A child's and their parents' rights are federally protected under the Individuals with Disabilities Education Act (IDEA 2004) in the Procedural Safeguards. These rights include the right for parents to access their child's educational records, attend meetings and to decide if they want to move forward with an IEP plan.

How it works

When a parent, teacher or a professional brings it to the school's attention that a child is struggling in class, the child can be referred to the program. A team of professionals will then evaluate the child's situation and academic skills to determine if they are eligible for the plan.

Meetings to determine the child's eligibility for the program will be held between an evaluation team and the parents. If there is a determination that the child is eligible for the program, a comprehensive evaluation report (CER) will be created based on the team's evaluation. This report will help the team, and the parents work together to develop the IEP plan.

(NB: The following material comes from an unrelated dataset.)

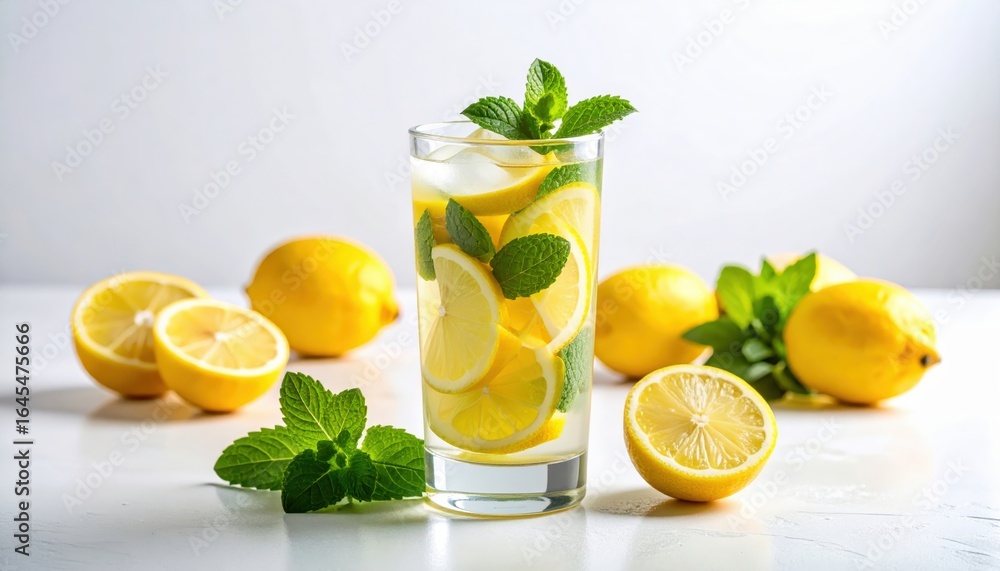 Fototapeta premium Refreshing Lemonade: A glass of invigorating lemonade, adorned with fresh mint leaves and ice, stands amidst a vibrant array of ripe lemons, creating a refreshing still-life composition.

Creating the right IEP plan for your child

The evaluation team and parents will meet to discuss the IEP's goals. Measurable goals embodying academic standards will be set for every area the child is struggling in. Short term, as well as annual goals, will be made.

Goals will be tailored to the child's individual needs and will focus on any reading areas the child is having trouble mastering, such as reading comprehension, fluency or vocabulary. Services under the IEP plan might include specialized attention in the classroom or one-on-one tutoring.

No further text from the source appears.